• DATA:

'''

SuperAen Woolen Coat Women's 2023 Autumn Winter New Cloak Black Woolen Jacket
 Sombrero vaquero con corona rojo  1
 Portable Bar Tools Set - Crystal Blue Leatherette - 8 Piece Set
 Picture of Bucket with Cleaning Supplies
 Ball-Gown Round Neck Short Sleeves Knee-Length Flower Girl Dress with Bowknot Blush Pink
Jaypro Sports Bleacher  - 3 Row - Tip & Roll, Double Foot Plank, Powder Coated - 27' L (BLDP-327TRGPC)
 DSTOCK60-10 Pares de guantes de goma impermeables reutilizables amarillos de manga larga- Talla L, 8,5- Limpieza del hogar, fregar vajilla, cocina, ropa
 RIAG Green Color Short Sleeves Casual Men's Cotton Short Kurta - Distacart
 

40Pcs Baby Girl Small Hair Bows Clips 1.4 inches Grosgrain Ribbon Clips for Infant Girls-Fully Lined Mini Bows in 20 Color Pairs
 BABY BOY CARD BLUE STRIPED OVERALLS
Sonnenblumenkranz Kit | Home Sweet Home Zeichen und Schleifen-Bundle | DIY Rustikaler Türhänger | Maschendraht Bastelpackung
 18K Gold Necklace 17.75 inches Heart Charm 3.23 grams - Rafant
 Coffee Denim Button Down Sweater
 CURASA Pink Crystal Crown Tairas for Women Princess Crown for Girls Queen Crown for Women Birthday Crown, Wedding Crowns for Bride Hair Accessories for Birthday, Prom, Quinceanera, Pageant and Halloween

'''

Your task is to reproduce exactly the lines that begin at the line containing "40Pcs Baby Girl" and end at the final line of the data above.

40Pcs Baby Girl Small Hair Bows Clips 1.4 inches Grosgrain Ribbon Clips for Infant Girls-Fully Lined Mini Bows in 20 Color Pairs
 BABY BOY CARD BLUE STRIPED OVERALLS
Sonnenblumenkranz Kit | Home Sweet Home Zeichen und Schleifen-Bundle | DIY Rustikaler Türhänger | Maschendraht Bastelpackung
 18K Gold Necklace 17.75 inches Heart Charm 3.23 grams - Rafant
 Coffee Denim Button Down Sweater
 CURASA Pink Crystal Crown Tairas for Women Princess Crown for Girls Queen Crown for Women Birthday Crown, Wedding Crowns for Bride Hair Accessories for Birthday, Prom, Quinceanera, Pageant and Halloween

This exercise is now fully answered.